ヴァーチュアル・リアリティは、その二つのリアリティの間をつなぐメディアとして活用することで初めて意味が生まれてくる。残念ながら現代のインターフェイスの不完全さのために、それは依然としてにおいのない世界や、微妙な触覚の及ばない世界との交流にとどまっている。そして一方では、私たちの肉体の感覚自体が、その不完全なヴァーチュアル・リアリティのなかで麻痺し、鈍化していく不安さえ生じてきている。

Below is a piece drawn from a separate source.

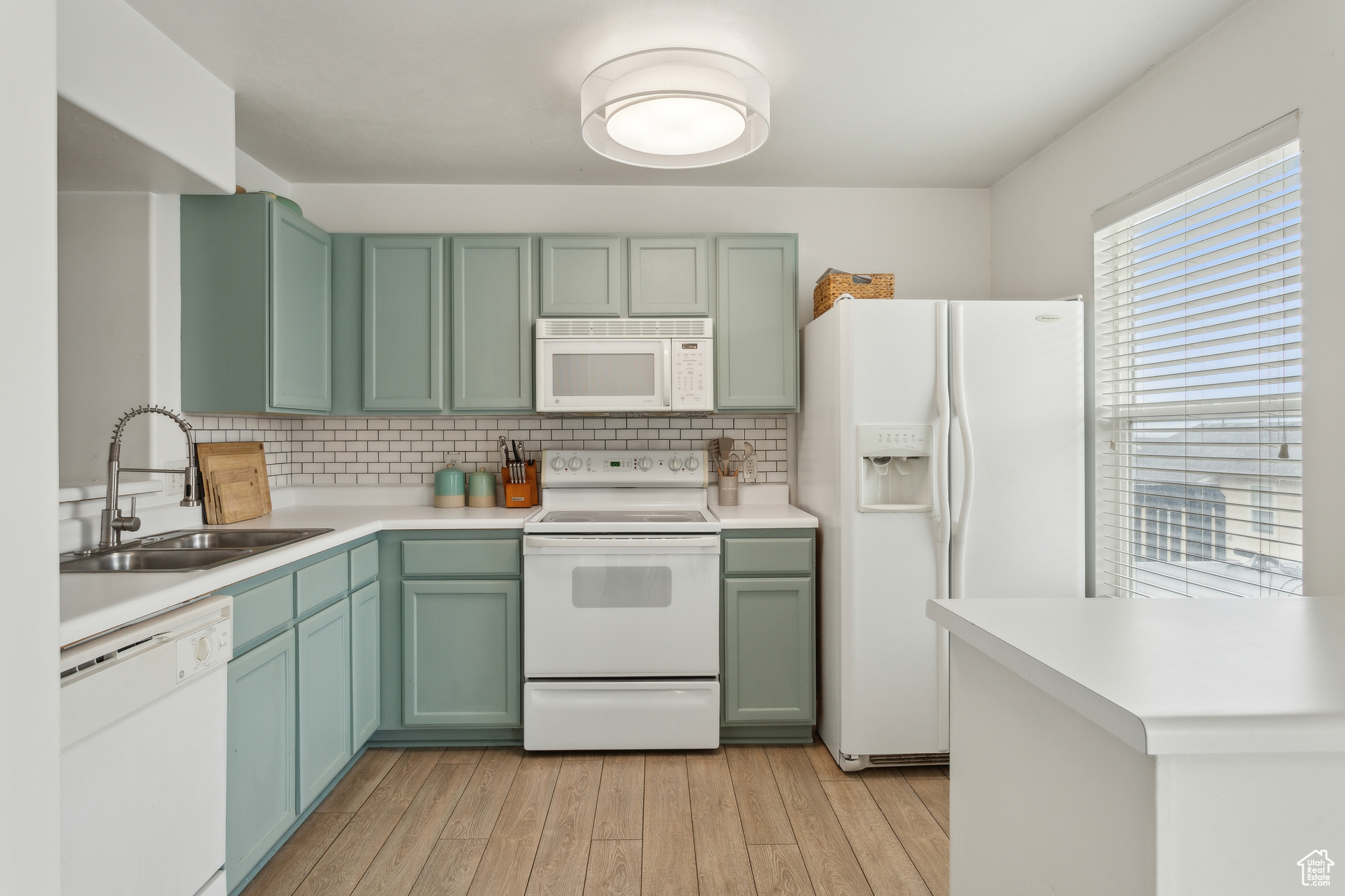 403 E Culross Ln, Draper, Utah image 9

数年前、アラン・ケイのもとでビバリウム計画を担当していたアン・マリアンは、小学生のこどもたちに海の生態圏で生きる魚や海草の世界との対話をはかるために、一方では実際にこどもたちを海岸に連れていき、魚に触れて観察させ、さらに学校に帰ってからコンピュータの上で、魚類の運動をシミュレーションする作業を行なわせ、知と感性をバランスよく結びつける教育を試みていたことがある。あるいは、腕につける羽の支持体にかかる力を通じて、羽ばたきながら空中を舞うシミュレーション装置を構想し、からだを通じて物性の世界への触れ合いを目指そうともしていた。その実験的な試行錯誤がその後どこまで成果をあげたか、まだ聞く機会に恵まれないが、いまこそこの種の二つのリアリティの間の往復運動をもっと執拗に続ける必要があるだろう。そうして、そのためにも、現代の若者たちの教育現場では、ものや自然とのからだによる対話がもっと必要になってくるのである。

そういえば、かつてロサンゼルスのワーマンとデグラーフは、「SIGGRAPH」のショーの前座としてコンピュータ・グラフィックスによる司会者の表情を、ジンバル型に前後左右上下に動かせる三次元のマウスを使って、舞台上の人物の動きにリアルタイムで追随させるデモを行なった。これは未来の電子人形芝居の可能性を先取りするもので、私はいままでの文楽の人形遣いが、将来こんな新しい三次元的マウスを自由な手さばきで操って、日本からパリの映像舞台の上に、ネットワークを介して新しいCG文楽を演出する日がくることを夢見たことがある。それは触覚的、筋肉的な意思の伝達を可能にする新しい映像ツールの夢である。それが可能になったとき、いままでのダンスや舞台芸術や、パフォーマンスは、ジャンルの壁を通過して、新しい参加型の文化を生みだし始めるだろう。しかし、そこに至るためには、いまの教育現場のなかで、「もの」と五感の対話ができる場がもっと増えなくてはならないと思うのである。

それは単にマルチメディアのソフトウェア産業の興隆のためというより、五感と肉体の発達による映像情報との対話という、人間の未来の文化的成熟までを考慮したものであるべきである。

私の手元に送られてきた一巻の「光る!動く!あやしい?」のドキュメント・テープは、わずか30分あまりの記録だったが、そのなかから私は多くのことを学んだ。コンピュータや映像教育の現場の人々にもぜひ見てもらい、学生たちと一緒にその意味や可能性を討論してほしい素材の一つである。

(さかねいつお・サイエンス&アート理論)

★1 従来の文化やメディアの境界をとっぱらって透明化し、インタラクティヴな活性化のなかで生み出されてくるハイブリッドな文化のこと(『現代デザイン事典1994』[平凡社刊]巻頭論文参照)。